Des hommes des mondes — Collège des Bernardins
Pensée autour de la figure du poète antillais Édouard Glissant, père de la créolisation et du « Tout monde », l’exposition collective « Des hommes, des mondes » qui vient de s’ouvrir au Collège des Bernardins, dresse un portrait d’un nouveau monde, globalisé, éclaté et fondu en mille cultures et identités. Une proposition profuse où se côtoient 17 artistes contemporains internationaux vivants ou morts, parmi lesquels Franck Scurti, Romain Bernini, Chen Zhen ou encore Jacques Villeglé.
« Des hommes, des mondes », Collège des Bernardins du 7 mars au 15 juin 2014. En savoir plus La proposition était belle. Pour penser le monde dans son expression nomade et globalisée, il fallait donner à voir des « œuvres bagages », pensées en mouvement. Certes, certaines installations sont fixées sur roulettes et d’autres invitent au voyage, mais cela ne suffit pas à offrir une image forte, encore moins une idée, de ce qu’est devenu notre monde pluriel ou collectif. Mais de quel monde cette exposition parle-t-elle au juste ? Bien trop vaste et générale, celle-ci aborde aussi bien le post-colonialisme avec l’artiste Rina Banerjee, que les nouvelles migrations avec Chen Zhen ou encore des traces de civilisation à travers le beau travail de Jacques Villeglé. Tout cela au service d’une « création d’un imaginaire collectif mondialisé ». Si les œuvres sont convaincantes, la pensée conductrice de fond déçoit quant à elle.Pourtant, il ne faudra pas s’arrêter à cette absence de clé de voûte de l’exposition et se laisser peu à peu pénétrer par les îlots d’œuvres qui la composent. À commencer par la très belle série de Romain Bernini Cargo Cult qui décrit un monde où les hommes sont coiffés de plumes d’indiens pourtant vêtus comme des urbains. Perdu dans une nature imaginaire, l’homme ne comprend plus sa civilisation et ne sait plus à quels codes appartenir. Entre deux mondes, les créations de Djamel Kokene le sont également. Son mouton sacrifié convoque à la fois tradition et modernité. Image forte, la peau de bête, tâchée de henné, pend sur un portant que l’on trouve dans tous les commerces de vêtements, faisant ainsi cohabiter deux unités de temps ; celle du commerce, nécessairement éphémère dans sa pratique et celle des rituels, inscrits dans une histoire religieuse plus ancienne. En vis-à-vis, le travail de Bruno Perramant rappelle lui aussi que le souvenir de la religion se brouille à mesure que la vie séculière prend le dessus. Sur sa toile La Voix se devine une croix qui gondole.

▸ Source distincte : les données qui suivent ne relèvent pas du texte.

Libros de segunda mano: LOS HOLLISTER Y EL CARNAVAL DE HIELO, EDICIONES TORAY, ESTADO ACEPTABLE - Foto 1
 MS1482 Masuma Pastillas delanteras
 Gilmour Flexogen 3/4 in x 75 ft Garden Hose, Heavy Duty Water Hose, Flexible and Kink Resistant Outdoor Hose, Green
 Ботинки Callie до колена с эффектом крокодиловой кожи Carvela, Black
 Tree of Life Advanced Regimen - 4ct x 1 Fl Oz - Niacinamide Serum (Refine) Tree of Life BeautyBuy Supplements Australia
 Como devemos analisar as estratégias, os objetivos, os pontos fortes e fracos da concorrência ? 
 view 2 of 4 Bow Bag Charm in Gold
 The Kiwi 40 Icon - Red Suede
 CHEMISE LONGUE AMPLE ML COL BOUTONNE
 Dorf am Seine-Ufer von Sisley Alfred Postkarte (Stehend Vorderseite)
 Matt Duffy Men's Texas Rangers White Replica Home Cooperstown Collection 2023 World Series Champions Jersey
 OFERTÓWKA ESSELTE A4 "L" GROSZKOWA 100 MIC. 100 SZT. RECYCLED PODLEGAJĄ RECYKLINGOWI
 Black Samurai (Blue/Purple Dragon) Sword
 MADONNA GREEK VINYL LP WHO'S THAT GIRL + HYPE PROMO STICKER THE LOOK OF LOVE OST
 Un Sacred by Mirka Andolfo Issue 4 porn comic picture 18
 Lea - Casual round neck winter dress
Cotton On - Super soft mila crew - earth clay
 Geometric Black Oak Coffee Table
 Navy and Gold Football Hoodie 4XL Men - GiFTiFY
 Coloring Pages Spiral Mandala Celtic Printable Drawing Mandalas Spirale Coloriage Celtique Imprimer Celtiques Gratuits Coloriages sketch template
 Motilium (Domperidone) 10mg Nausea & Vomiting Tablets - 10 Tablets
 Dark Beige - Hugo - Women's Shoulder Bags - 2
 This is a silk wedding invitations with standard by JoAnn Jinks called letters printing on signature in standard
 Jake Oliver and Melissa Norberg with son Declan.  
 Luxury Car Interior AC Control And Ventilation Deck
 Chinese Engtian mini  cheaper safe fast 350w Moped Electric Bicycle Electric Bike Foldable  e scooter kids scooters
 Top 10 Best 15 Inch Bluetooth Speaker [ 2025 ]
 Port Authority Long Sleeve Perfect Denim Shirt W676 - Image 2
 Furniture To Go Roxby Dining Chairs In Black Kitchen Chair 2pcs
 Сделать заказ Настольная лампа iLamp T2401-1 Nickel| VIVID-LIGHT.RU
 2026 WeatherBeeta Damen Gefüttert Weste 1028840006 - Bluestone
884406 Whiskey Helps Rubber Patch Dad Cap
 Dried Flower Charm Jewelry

En creux, l’exposition poserait-elle alors la question du devenir d’une société sans religion ou sans passage initiatique ? Quel homme, par ailleurs, la mondialisation a-t-elle engendré ? En somme, si l’on aurait aimé trouver un point de vue plus affirmé ainsi que son développement sur ce grand thème des « Hommes et des mondes », l’exposition ne manque pas de rappeler les bénéfices d’une pensée universaliste.